In spite of several excellent performers on stage, the Orchestra of the Age of Enlightement's production of Dido and Aeneas - so promising on paper - turned out to be a disappointment to many of the audience.
The last few minutes of the performance - Sarah Connolly's magnificent rendering of Dido's farewell lament, followed by the beautifully sung final chorus - showed what a high quality performance we could have enjoyed without the unhelpful concept of the staging.
In theory, extracts from Christopher Marlowe's play Dido, Queen of Carthage were meant to be interwoven within the performance of Purcell's Dido and Aeneas. In practice, the first half of the event seemed to have a great deal more Marlowe than Purcell, though the second half appeared to have more balance between the chosen musical and dramatic extracts. I suspect, though I admit to not being entirely sure, that Purcell's opera might have been shortened to make way for Marlowe.

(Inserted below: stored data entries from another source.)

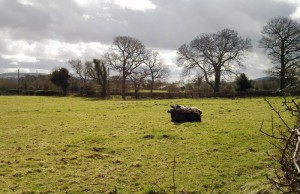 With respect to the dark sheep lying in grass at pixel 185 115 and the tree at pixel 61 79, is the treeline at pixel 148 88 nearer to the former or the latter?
the tree at pixel 61 79

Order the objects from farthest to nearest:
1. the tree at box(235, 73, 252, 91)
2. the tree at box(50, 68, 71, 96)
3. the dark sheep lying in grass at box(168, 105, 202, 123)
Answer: the tree at box(50, 68, 71, 96), the tree at box(235, 73, 252, 91), the dark sheep lying in grass at box(168, 105, 202, 123)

Director Tim Carroll was not content with mixing Purcell and Marlowe. He added puppetry, as the main feature, for the whole of the mixed performance. Indeed, it was down to the puppets to enact the drama, whether spoken or sung. One can only guess if Carroll's idea of puppetry was a reference to the masque - that is, to a form of sixteenth-century courtly entertainment, involving arts of all kinds - or whether it was an idea taken and further developed from the English National Opera's productions of Madam Butterfly and Satyagraha respectively.
In ENO's - that is, Anthony Minghella's - production of Madam Butterfly, the little child Sorrow is a puppet which is skilfully manipulated by three puppeteers. In some sections of Satyagraha, huge - larger than life - puppets dominate the stage. These puppets, too, are tackled by a specialist skills-group.

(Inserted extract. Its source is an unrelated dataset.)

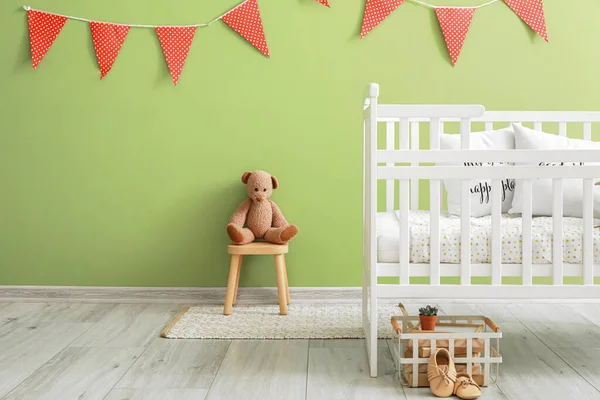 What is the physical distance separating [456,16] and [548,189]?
36.4 inches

In Tim Carroll's Dido for OAE, the puppets are permanent features. Indeed, the whole drama is performed by the puppets, all of whom have several sets of exquisite costumes. The movements of the puppets are controlled by their respective singers and actors. Thus the puppet Dido and the puppet Aeneas have two handlers each at all times: singer Sarah Connolly and actress Yolanda Vasquez handle Dido while singer Giles Underwood and actor Jonathan Oliver manipulate Aeneas. All singers, soloists as well as chorus, are dressed in simple black and all perform via puppets. The two Aeneas handlers also get to move a huge puppet at the beginning and at the end of performance. I can only guess that this giant puppet might represent Virgil who first related the story of Aeneas.
The singers performed near miracles. It is an enormous task to concentrate on puppetry while singing Purcell's masterpiece. Inevitably, the musical performance suffered. All eyes were on the puppets, which were manipulated to amazing dramatic effects. This scenario left the conductor (Steven Devine) pretty much conducting for himself. To allow space for the dramatic action, at least half of the small orchestra faced away from the conductor. Even though members of the OAE orchestra and chorus are excellent ensemble musicians, the staging worked against them. Puppeteering was particularly unfortunate for the very tall Giles Underwood: he spent most of the evening bending down to the puppet table (or to his fellow puppeteer, who was half his height) and this is how he had to sing Aeneas' passionate outbursts as well as lyrical lines. Shorter performers fared better.
During the Marlow excerpts - excellently delivered by Vasquez and Oliver - three theorbo players performed music which obviously did not come from Purcell's Dido but which was not mentioned in the programme notes. I was, therefore, greatly amused when the actress Dido declared: 'what music do I hear?'. What, indeed?
If you looked for spectacle and entertainment, you came away happy from the performance. If you were looking forward to Purcell's masterpiece in a high quality focused musical performance, you came away disappointed. I was among the latter.